Tel est le lot cruel habituel de ce "7ème art" où peu de ses serviteurs montent au "7ème ciel"
Reste donc ses films et surtout ce "nouveau", "Mauvaise graine" qui, sur un ton apparemment mineur, fait bloc avec les deux autres. Encore une fois, Claudio Caligari s'inscrit dans la descendance du Pasolini romain, celui d' "Accatone" ou de "Mamma Roma".
On est en 1995. Ses héros, petits marginaux pas très brillants, enveloppés dans les vapeurs d'alcool et les effets chimiques des produits toxiques qui n'étaient qu'embryonnaires à l'époque pasolinienne, sont les héritiers encore plus perdus de ceux qui peuplaient l'univers du grand poète-cinéaste.
Claudio Caligari raconte leurs virées inutiles, leurs soirées toujours catastrophiques, dans une banlieue romaine désormais sans avenir où, à l'inverse des années 1960, on aura du mal à trouver des choses en construction.
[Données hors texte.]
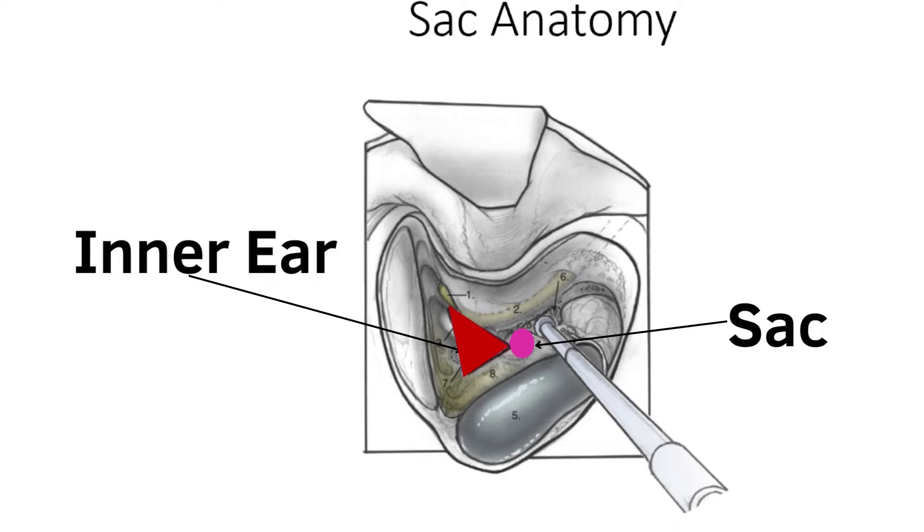The endolymphatic sac is a thickening of the lining around the brain, encased in bone in the mastoid itself. We're all born with a little tiny space where that sac sits. For the normal amount of fluid that works out just fine, but if you have extra fluid, that tiny space constricts the sac. This surgery goes from behind the ear — we remove some of the honeycomb of bone in the mastoid, and then take the bone off of that sac so it can expand and drain the extra fluid better.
Les voitures volées sont peut-être plus belles qu'à cette époque, mais quand Vittorio et Cesare les font rouler à fond la caisse, le nez chargé, elles filent vers un monde déglingué, sordide.
Le seul viatique à ce destin inexorable qui n'a qu'une mort idiote pour terme ou des années de placard pour horizon, s'appelle toujours du même nom : l'amour.
Mais, évidemment, il n'est pas égalitairement distribué et s'il frappe l'un il ne frappera pas l'autre... Et puis, pour en revenir au destin, il aime aussi jouer de sales tours à ceux qui s'aiment, surtout quand il est guidé par un habile scénariste.
"Mauvaise graine" de Claudio Caligari, on en fait le pari, est de cette trempe de films qui prennent du relief au fil du temps. Ce qui va paraître à certains comme une simple histoire mélodramatique, aura force future de tragédie grecque.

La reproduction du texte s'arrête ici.